Re: APOD: Fibrils Flower on the Sun (2015 Feb 17)

Postby bactame » Tue Feb 17, 2015 9:44 am

Well the color and density of blooms pretty well matches my Lucille Ball, petals though make this flower an aster.

Dad is watching

Re: APOD: Fibrils Flower on the Sun (2015 Feb 17)

Postby Dad is watching » Tue Feb 17, 2015 12:51 pm

Are there any signs of internal electric currents, similar to Telluric currents, that have been seen on the sun.

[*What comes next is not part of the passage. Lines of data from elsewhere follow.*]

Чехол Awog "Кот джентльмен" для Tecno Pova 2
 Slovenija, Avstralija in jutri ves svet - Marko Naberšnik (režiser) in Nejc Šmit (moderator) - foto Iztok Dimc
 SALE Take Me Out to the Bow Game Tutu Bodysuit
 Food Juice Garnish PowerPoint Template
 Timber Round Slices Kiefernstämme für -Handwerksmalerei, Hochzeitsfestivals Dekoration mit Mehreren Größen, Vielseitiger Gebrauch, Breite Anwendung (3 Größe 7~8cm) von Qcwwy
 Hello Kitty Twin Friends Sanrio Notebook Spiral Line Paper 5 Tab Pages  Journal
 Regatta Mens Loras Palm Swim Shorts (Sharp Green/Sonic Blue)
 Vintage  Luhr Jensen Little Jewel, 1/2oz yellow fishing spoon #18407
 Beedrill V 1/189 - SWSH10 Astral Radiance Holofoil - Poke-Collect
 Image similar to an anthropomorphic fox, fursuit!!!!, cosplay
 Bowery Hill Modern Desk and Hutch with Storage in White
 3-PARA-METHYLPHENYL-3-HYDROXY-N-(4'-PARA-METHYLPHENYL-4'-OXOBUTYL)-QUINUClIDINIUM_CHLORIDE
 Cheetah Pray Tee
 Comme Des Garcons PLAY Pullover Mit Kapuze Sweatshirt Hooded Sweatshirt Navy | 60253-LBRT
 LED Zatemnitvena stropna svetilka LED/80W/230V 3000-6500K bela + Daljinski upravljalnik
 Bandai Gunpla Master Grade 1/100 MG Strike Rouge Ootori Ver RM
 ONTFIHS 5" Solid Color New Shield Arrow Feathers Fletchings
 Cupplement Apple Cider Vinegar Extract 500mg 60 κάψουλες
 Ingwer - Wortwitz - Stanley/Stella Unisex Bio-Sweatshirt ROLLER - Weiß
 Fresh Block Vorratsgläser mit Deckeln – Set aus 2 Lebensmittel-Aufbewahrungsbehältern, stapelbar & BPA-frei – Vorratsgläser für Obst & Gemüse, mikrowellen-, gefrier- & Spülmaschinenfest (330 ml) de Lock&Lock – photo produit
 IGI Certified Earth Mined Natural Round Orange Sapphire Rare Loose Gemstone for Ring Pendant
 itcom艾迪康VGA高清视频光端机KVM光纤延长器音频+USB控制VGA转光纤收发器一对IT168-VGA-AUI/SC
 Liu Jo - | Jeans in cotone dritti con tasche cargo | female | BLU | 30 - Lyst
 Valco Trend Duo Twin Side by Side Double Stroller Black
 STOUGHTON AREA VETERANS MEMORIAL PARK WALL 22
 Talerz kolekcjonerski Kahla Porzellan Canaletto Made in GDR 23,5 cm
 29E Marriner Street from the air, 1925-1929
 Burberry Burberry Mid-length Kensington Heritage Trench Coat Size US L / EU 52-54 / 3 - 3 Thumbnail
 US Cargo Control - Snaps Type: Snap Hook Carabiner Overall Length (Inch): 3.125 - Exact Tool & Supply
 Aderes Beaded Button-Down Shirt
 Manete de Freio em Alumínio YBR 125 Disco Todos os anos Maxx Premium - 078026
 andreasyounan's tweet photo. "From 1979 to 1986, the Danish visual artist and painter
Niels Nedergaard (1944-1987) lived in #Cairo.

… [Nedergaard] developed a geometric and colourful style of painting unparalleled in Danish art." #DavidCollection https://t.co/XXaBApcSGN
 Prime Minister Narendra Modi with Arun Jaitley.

Any chance that these fibrils are self contained 'metallic hydrogen' rope-like structures that constrain themselves as a result of their own localized magnetic fields that occur along their length as a result of internal 'electric flow, all directed and aligned by some underlying (and more powerful) magnetic sub-surface anomaly?

Boomer12k
:---[===] *
Posts: 2090
Joined: Sun Apr 22, 2007 12:07 am

Re: APOD: Fibrils Flower on the Sun (2015 Feb 17)

Postby Boomer12k » Tue Feb 17, 2015 1:10 pm

Amazing....

:---[===] *

User avatar
Chris Peterson
Abominable Snowman
Posts: 13283
Joined: Wed Jan 31, 2007 11:13 pm
Location: Guffey, Colorado, USA

Re: APOD: Fibrils Flower on the Sun (2015 Feb 17)

Postby Chris Peterson » Tue Feb 17, 2015 2:56 pm

Guest wrote:Oddly enough, these solar fibrils remind me of the little structures amid iron filings on a piece of paper when
held over a magnet. Are solar fibrils essentially like magnetized iron filings writ massively large and energized?

Similar in many respects. Both consist of physical material tracing out magnetic field lines. In the case of iron, we have a ferromagnetic material. What's going on in the fibrils is less well understood, but is related to the movement of charged particles in a magnetic field (and not a ferromagnetic effect).
Chris

*****************************************
Chris L Peterson
Cloudbait Observatory
http://www.cloudbait.com

User avatar
JohnD
Tea Time, Guv! Cheerio!
Posts: 969
Joined: Wed Feb 16, 2005 2:11 pm
Location: Lancaster, England

Re: APOD: Fibrils Flower on the Sun (2015 Feb 17)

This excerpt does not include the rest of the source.